Using the online maps produced by the United States Geological Survey and the Atlas of Mesozoic and Cenozoic Coastlines [79], we replaced other granitic regions with limestones, shales and sandstones of appropriate age. We attempted to locate sedimentary basins using the available boundary conditions (orography and its standard deviation), seeking simple rules for the probable locations of terrestrially derived sandstones and shales based on their modern distributions [60]. Overall, the lithology of 40–50% of the continental grid points could be predicted by assuming shale for orography under 200 m and standard deviation under 600 m, and sandstone for orography between 200 and 1300 m and standard deviation under 100 m. This approach is distinct from previous attempts to model global continental weathering over geological time, which assumed all grid points contained all rock types in their modern global proportions [20]. However, we aimed to capture the effect of basalt weathering with respect to changes in basalt production and erosion over geological time, as well as palaeogeography and palaeoclimate.

In spite of adding sediments at the expense of granite to generate palaeolithologies, overall land areas underlain by granite were higher than those of Bluth & Kump [80]. However, the latter are known to be underestimated owing both to lack of data about older lithofacies and inability to account for erosion of rock units  [18]. Gibbs & Kump [81] revised the Bluth & Kump modern lithological map, but over one-quarter of their land area is assigned to ‘fold belts’ rather than being included in the lithological categories of Amiotte-Suchet et al. [60], so their total areas for many of our rock types are lower than ours. We recognize the limitations inherent in this approach to generating lithologial maps for weathering calculations, but the advantages are that it establishes a standardized method for exploring how continental weathering may have changed over geological time. Nevertheless, our estimates of continental weathering should be regarded as exploratory rather than definitive at this stage.

(b). Global patterns of terrestrial vegetation productivity and weathering in the past

Global patterns of terrestrial NPP over geological time vary with latitude, climate, atmospheric CO2 concentration and continental configuration (figure 6). In particular, areas of highest NPP are sustained in the tropics with year-round warmth, high precipitation and high solar energy. Global terrestrial NPP has varied considerably over geological time (figure 6), and functions to account for changes in weathering by plants under different CO2 and climate have been included in models of the long-term carbon cycle [5,8]. Taylor et al. [10] compared these functions with the estimates that were produced using SDGVM. Total NPP for our time slices compares well with earlier SDGVM estimates of Beerling & Woodward [22] and with functions developed by Volk [12] and Bergman et al. [8], but is considerably higher than that of Berner [5] when these functions are scaled by modern NPP.

Figure 6.

Figure 6.

NPP for several timeslices in the (a,b) Cenozoic and (cg) Mesozoic.
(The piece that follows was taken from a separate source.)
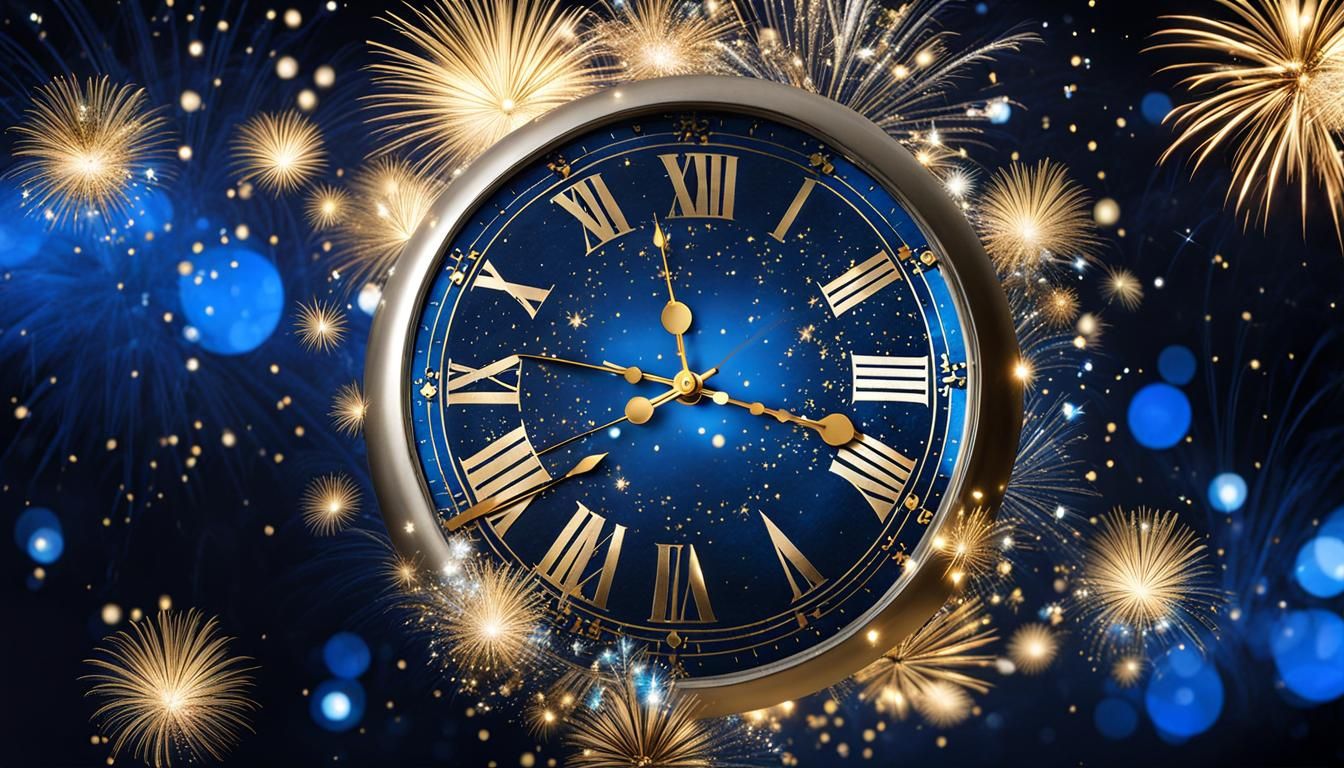 New Year's Eve Clock with Fireworks Display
Comparison of global patterns of NPP and weathering in the past serves to reinforce the idea that there is not always a one-to-one correspondence between the two (figures 6 and 7). For example, in the Late Triassic (Norian), although NPP is highest in the evergreen broad-leaved forests around the south-eastern coast of Asia, the highest Ca + Mg fluxes are associated with deciduous broad-leaved trees on the southern Siberian Traps. In the Jurassic (Kimmeridgian), the highest Ca + Mg fluxes occur on the Ferrar (Antarctica and Australia) and Karoo (southern Africa and Antarctica) basaltic regions under herbaceous vegetation, and on the Central Atlantic Magmatic Province (CAMP) basalts under evergreen broad-leaved forests. These sites are not coincident with global maximum NPP associated with evergreen broad-leaved forests on granites of Southeast Asia and Central America. The low runoff simulated over most of the CAMP basalts and the Siberian Traps means that these regions do not contribute as much Ca and Mg to rivers as might have been expected, given their large area and the equatorial position of CAMP.

Figure 7.

Figure 7.

Ca + Mg fluxes for several timeslices in the (a,b) Cenozoic and (cg) Mesozoic.

Other attempts to model weathering in the Triassic have focused on the Carnian and Rhaetian just before and just after the Norian, respectively. Our global weathering pattern (figure 7g) differs substantially from the CO2 consumption maps of Goddéris et al.  [82], where the highest weathering occurs in the equatorial region. Despite high temperatures and adequate moisture to support deciduous broad-leaved trees at the equator, we have no equatorial weathering hotspots in the Norian because most of the rocks are either granite or sedimentary.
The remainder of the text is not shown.